Let the final kinetic energy of the rocket at the maximum height be $K{{E}_{f}}$ and the final potential energy be $P{{E}_{f}}$.
From (1), we get
$P{{E}_{i}}=-\dfrac{GMm}{\left( R+0 \right)}=-\dfrac{GMm}{R}$
$P{{E}_{f}}=-\dfrac{GMm}{\left( R+h \right)}$
From (2), we get
$K{{E}_{i}}=\dfrac{1}{2}m{{u}^{2}}$

Now, for maximum height to be gained, all the initial kinetic energy must be converted to increase the potential energy. Therefore, at the maximum height
$K{{E}_{f}}=0$
Now, since, the mechanical energy will remain conserved

$P{{E}_{i}}+K{{E}_{i}}=P{{E}_{f}}+K{{E}_{f}}$
$\Rightarrow -\dfrac{GMm}{R}+\dfrac{1}{2}m{{u}^{2}}=-\dfrac{GMm}{\left( R+h \right)}+0=-\dfrac{GMm}{\left( R+h \right)}$
$\Rightarrow -\dfrac{GM}{{{R}^{2}}}R+\dfrac{1}{2}{{u}^{2}}=-\dfrac{GM}{\left( R+h \right){{R}^{2}}}{{R}^{2}}$

Putting $R+h=x$ , we get

$\Rightarrow \dfrac{1}{2}{{u}^{2}}=-\dfrac{GM{{R}^{2}}}{\left( R+h \right){{R}^{2}}}+\dfrac{GM}{{{R}^{2}}}R=-\dfrac{g{{R}^{2}}}{R+h}+gR$ $\dfrac{GM}{{{R}^{2}}}=g=9.8m/{{s}^{2}}$
$\Rightarrow \dfrac{1}{2}{{\left( {{10}^{4}} \right)}^{2}}=$ $gR-\dfrac{g{{R}^{2}}}{x}$
$\dfrac{1}{2}\times {{10}^{8}}=9.8\times 6.4\times {{10}^{6}}-\dfrac{9.8\times {{\left( 6.4\times {{10}^{6}} \right)}^{2}}}{x}$ $\left( \because R=6.4\times {{10}^{6}}m \right)$
$\dfrac{1}{2}\times {{10}^{8}}=62.72\times {{10}^{6}}-\dfrac{401.408\times {{10}^{12}}}{x}$
$\Rightarrow \dfrac{1}{2}\times 100=62.72-\dfrac{401.408\times {{10}^{6}}}{x}$
$\Rightarrow \dfrac{401.48\times {{10}^{6}}}{x}=62.72-\left( \dfrac{1}{2}\times 100 \right)=62.72-50=12.72$

$\Rightarrow x=\dfrac{401.408\times {{10}^{6}}}{12.72}=31.56\times {{10}^{6}}\approx 32\times {{10}^{6}}m=5R$
$\Rightarrow R+h=5R$
$\Rightarrow h=5R-R=4R$
Therefore, the maximum height attained by the rocket will be $4R$.

So, the correct answer is “Option C”.

Note:
Students should note that the final kinetic energy is zero in this case only because we were required to find out the maximum height of the rocket.
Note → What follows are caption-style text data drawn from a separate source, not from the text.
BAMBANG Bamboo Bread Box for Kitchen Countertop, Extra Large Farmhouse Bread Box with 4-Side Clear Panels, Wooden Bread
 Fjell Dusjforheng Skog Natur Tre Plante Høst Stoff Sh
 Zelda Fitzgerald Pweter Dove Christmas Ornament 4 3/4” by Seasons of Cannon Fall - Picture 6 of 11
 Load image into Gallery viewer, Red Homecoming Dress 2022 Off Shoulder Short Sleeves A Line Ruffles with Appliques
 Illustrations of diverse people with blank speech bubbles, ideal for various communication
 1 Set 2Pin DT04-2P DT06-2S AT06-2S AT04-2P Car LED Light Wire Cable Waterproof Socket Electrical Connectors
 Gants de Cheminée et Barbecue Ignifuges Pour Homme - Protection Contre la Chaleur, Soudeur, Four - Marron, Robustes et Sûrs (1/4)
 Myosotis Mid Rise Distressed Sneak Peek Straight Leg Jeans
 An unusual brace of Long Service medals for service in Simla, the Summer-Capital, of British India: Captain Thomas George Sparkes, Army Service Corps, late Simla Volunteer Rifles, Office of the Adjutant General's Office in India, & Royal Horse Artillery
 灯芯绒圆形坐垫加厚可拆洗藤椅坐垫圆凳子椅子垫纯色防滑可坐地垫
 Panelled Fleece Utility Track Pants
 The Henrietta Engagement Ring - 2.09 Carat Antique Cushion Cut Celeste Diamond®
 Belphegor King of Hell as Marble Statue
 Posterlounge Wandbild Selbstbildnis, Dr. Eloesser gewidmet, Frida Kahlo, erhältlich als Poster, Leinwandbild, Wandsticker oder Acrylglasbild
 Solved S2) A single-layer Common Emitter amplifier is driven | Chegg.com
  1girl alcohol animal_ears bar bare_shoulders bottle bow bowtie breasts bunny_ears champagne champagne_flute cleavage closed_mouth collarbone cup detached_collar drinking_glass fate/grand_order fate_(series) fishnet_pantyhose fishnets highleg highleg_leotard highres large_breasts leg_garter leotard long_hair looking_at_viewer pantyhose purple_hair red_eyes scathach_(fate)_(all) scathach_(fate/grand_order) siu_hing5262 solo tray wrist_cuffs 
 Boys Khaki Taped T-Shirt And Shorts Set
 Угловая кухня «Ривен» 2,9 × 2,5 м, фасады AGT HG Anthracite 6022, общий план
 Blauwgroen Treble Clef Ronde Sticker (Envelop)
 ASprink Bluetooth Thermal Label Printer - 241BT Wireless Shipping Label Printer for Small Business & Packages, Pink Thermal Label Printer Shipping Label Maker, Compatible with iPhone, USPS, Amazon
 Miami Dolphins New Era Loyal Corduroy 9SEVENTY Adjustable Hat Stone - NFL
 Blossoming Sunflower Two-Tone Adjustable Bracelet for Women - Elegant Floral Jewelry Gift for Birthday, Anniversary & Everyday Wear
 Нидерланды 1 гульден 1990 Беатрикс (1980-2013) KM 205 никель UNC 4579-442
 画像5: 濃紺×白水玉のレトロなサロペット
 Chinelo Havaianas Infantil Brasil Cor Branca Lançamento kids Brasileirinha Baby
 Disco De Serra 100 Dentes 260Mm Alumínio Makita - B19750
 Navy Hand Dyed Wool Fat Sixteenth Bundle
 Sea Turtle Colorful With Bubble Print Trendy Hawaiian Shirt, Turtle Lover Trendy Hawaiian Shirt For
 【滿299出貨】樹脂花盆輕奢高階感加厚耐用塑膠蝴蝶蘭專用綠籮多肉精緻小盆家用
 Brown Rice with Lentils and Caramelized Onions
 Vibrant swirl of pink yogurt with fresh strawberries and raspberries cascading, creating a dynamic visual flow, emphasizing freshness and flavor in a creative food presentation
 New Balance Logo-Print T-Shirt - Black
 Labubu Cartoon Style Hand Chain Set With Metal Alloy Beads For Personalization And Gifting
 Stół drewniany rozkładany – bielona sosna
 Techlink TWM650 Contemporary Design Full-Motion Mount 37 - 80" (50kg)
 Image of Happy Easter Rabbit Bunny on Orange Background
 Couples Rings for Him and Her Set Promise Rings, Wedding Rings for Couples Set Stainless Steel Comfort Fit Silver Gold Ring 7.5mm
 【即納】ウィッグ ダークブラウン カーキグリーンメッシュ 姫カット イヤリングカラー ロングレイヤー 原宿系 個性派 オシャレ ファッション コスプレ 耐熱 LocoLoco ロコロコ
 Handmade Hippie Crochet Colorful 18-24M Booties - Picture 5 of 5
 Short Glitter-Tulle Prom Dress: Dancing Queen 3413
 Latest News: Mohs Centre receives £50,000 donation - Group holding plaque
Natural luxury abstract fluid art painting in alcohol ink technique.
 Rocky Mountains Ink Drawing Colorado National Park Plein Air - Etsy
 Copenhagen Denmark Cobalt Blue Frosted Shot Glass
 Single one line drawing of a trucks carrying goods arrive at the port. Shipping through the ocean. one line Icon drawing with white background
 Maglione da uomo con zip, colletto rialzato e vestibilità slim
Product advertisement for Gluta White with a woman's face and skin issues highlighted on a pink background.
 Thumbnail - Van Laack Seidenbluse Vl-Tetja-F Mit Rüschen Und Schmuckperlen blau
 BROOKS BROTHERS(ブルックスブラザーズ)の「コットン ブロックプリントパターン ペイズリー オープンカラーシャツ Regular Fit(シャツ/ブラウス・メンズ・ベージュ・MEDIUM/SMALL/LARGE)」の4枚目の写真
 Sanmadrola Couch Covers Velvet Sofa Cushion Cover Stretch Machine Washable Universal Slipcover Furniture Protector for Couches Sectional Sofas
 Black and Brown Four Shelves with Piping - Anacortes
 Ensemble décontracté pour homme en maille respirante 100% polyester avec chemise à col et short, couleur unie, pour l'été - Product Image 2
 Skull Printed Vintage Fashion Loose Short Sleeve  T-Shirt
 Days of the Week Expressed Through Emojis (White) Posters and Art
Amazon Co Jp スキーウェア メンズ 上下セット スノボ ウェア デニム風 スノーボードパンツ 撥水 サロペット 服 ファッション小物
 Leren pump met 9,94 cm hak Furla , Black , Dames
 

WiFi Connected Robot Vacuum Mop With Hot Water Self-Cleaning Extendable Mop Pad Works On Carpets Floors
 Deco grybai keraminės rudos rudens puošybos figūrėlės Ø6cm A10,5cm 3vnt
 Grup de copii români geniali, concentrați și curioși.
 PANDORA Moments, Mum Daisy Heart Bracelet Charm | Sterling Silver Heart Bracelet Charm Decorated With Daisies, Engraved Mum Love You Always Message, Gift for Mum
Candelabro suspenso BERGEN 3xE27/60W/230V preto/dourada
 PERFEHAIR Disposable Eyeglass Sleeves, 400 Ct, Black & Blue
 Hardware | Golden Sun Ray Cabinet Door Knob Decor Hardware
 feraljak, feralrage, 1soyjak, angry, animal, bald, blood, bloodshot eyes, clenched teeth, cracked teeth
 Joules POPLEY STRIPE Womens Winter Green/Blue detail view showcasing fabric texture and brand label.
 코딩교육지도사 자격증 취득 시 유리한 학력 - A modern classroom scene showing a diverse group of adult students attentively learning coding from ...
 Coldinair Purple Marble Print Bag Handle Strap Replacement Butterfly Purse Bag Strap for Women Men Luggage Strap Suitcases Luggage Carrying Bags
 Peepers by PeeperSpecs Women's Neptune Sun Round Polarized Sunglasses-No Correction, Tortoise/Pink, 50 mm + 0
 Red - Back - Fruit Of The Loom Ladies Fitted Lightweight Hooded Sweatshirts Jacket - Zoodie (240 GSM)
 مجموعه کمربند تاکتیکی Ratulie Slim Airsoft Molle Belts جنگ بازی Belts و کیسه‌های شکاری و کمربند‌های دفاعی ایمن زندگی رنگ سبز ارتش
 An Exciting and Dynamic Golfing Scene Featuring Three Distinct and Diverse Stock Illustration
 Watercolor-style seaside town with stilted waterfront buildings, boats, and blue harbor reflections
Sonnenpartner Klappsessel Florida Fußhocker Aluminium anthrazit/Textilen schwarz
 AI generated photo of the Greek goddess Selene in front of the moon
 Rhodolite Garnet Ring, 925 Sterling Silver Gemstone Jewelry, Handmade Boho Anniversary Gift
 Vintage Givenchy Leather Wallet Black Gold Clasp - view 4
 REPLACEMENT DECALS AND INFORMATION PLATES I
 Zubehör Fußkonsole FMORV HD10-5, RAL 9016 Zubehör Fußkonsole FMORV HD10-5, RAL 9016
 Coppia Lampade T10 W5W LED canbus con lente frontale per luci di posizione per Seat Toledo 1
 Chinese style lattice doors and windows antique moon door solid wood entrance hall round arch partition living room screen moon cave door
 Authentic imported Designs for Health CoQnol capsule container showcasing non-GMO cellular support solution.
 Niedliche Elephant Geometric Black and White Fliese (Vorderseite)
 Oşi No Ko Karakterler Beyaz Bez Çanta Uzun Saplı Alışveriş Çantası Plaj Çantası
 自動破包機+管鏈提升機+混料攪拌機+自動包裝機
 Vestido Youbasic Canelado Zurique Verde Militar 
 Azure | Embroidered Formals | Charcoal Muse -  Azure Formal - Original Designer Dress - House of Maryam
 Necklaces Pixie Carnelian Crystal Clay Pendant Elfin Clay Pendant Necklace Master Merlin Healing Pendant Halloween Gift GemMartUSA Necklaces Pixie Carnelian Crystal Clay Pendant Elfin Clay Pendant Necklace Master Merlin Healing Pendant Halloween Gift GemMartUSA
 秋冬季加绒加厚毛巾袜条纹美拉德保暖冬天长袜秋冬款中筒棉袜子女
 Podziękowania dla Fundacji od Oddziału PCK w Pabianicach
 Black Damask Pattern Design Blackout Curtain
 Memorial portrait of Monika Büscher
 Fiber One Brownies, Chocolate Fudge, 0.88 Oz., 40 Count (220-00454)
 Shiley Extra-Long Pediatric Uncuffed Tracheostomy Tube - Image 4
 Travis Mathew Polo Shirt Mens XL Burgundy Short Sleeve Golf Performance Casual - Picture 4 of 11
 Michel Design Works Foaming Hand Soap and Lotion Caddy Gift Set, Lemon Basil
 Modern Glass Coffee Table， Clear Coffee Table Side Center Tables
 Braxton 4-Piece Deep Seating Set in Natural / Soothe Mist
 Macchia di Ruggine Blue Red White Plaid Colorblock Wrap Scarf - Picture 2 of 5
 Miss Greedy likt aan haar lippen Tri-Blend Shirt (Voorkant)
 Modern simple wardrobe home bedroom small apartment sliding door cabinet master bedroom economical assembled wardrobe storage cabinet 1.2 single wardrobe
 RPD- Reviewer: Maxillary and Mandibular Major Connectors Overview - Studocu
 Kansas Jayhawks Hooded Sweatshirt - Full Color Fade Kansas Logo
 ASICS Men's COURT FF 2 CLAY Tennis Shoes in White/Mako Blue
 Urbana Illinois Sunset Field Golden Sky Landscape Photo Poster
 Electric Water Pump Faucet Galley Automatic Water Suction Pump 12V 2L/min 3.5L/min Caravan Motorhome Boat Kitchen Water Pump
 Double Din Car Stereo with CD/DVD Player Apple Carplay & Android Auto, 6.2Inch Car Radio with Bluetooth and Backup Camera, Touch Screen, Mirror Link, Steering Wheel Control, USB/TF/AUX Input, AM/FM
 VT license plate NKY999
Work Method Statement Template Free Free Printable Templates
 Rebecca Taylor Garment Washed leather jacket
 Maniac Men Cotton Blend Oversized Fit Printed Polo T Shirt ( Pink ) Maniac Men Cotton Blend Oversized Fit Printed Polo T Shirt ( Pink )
Generally, the final kinetic energy of a rocket is not zero at it would defy the purpose of the rocket. A similar approach is also used to calculate the escape velocity of a planet. In this case both the final kinetic energy and potential energy of the body will be zero.